PROBLEM:
Taking the material as a whole, state how many of its lines contain "living". Write the number and nothing more.

>>>

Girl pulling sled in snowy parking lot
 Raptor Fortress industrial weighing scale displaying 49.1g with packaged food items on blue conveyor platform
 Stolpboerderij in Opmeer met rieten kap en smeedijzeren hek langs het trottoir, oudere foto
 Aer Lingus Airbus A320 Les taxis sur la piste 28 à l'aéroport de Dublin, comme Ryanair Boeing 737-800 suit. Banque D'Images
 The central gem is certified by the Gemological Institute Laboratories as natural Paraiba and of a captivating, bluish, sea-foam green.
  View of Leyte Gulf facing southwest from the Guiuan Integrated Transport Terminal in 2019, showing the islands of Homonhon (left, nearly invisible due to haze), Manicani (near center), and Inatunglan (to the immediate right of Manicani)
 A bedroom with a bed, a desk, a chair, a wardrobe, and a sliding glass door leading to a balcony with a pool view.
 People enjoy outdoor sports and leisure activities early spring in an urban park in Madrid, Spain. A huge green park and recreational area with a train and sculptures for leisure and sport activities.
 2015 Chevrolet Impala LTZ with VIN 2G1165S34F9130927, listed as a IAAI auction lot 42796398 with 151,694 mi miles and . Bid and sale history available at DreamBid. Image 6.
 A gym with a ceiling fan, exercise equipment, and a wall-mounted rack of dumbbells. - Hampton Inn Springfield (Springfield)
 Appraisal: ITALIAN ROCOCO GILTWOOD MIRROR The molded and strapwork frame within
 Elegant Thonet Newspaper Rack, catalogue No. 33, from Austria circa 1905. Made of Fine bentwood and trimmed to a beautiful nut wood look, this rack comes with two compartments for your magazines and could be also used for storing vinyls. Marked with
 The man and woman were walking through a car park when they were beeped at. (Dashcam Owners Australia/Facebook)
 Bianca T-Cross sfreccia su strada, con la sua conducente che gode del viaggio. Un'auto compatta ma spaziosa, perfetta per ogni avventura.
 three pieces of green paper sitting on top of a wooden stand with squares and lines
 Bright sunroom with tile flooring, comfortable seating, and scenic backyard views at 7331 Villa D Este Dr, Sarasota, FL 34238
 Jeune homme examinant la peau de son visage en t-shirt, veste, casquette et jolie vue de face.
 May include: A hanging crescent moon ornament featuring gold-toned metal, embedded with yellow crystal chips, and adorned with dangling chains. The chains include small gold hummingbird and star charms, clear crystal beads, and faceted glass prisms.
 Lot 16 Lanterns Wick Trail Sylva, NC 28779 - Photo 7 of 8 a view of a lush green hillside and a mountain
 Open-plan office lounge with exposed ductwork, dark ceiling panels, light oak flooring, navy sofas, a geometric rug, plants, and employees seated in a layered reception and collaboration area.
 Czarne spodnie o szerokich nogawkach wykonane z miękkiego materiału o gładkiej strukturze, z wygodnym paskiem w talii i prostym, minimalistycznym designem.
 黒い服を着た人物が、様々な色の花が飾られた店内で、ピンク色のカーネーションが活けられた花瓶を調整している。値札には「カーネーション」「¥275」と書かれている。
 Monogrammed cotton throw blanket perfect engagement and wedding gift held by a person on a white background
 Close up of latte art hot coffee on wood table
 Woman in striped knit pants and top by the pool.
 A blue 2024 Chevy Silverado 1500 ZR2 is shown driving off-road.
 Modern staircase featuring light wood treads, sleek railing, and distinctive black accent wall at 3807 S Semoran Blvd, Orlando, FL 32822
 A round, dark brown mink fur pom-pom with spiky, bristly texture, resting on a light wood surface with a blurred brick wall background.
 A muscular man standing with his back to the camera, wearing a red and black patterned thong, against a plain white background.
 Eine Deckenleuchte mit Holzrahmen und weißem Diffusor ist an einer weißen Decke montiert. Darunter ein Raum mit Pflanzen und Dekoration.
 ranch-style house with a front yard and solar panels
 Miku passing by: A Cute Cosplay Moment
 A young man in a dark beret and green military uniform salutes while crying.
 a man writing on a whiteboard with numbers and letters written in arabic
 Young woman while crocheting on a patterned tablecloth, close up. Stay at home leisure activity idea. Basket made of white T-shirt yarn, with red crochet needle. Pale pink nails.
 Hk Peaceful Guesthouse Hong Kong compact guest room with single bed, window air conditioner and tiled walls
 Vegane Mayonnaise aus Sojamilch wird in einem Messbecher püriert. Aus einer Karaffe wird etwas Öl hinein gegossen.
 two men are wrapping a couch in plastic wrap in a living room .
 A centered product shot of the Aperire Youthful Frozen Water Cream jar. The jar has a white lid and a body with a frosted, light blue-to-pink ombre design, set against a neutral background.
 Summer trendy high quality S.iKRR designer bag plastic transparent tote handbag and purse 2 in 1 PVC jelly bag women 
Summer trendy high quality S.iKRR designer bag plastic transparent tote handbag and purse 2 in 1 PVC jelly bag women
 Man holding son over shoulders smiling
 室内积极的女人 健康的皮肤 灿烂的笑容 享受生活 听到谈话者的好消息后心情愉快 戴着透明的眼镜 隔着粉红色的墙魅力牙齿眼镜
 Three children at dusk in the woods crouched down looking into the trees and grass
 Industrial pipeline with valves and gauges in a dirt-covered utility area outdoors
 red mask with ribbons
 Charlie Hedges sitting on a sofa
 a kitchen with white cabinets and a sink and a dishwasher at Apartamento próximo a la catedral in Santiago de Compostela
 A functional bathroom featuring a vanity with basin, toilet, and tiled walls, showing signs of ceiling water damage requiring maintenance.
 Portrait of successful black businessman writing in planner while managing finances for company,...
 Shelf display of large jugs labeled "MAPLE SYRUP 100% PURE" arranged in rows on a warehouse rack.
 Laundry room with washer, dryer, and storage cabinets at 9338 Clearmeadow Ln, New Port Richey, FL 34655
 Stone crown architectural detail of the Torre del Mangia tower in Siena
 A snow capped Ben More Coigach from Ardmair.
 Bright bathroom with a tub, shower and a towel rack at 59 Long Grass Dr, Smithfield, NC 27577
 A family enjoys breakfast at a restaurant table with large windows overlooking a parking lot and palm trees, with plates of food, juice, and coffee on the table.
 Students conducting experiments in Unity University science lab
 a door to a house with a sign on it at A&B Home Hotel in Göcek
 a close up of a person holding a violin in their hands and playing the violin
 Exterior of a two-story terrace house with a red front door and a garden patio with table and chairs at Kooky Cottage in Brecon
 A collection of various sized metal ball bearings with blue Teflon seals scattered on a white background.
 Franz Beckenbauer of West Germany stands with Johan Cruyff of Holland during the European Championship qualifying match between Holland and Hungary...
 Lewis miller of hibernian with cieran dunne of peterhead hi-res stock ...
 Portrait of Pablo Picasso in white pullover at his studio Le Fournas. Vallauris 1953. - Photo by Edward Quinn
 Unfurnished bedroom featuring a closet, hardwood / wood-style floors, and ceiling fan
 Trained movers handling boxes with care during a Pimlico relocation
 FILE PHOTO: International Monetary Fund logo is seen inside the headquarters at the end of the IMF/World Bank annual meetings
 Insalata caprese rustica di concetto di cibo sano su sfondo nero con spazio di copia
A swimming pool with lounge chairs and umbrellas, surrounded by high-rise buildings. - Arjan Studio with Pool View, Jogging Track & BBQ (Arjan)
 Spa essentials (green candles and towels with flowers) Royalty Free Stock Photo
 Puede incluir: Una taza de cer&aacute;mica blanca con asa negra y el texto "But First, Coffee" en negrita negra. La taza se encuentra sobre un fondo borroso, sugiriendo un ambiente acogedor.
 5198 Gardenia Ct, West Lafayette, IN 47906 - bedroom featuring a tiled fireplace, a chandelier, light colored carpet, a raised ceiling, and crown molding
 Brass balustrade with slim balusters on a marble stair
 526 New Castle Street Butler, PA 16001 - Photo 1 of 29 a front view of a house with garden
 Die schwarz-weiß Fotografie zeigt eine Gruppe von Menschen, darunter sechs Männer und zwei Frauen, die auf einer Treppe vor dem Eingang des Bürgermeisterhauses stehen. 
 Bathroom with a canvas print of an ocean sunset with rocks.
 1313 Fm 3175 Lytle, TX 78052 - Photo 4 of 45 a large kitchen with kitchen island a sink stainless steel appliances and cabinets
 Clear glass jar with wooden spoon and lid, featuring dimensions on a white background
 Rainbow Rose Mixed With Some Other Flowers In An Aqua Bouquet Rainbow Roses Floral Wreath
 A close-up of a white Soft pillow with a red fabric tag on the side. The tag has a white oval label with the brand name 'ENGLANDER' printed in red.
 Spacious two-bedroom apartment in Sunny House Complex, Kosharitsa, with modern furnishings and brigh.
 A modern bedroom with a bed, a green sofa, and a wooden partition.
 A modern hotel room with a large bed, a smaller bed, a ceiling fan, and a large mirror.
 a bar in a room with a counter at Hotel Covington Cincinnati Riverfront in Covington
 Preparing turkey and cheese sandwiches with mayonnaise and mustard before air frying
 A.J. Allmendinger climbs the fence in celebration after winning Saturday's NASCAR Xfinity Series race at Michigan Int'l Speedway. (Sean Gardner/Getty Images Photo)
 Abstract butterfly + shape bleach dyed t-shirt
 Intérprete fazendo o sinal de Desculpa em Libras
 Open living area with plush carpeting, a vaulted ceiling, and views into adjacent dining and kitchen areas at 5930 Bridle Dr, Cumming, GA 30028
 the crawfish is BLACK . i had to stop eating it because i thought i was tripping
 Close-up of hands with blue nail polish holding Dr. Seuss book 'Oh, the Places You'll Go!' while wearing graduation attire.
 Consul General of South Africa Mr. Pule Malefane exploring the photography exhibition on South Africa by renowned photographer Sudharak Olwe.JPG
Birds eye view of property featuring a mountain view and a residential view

<<<

REPLY:
2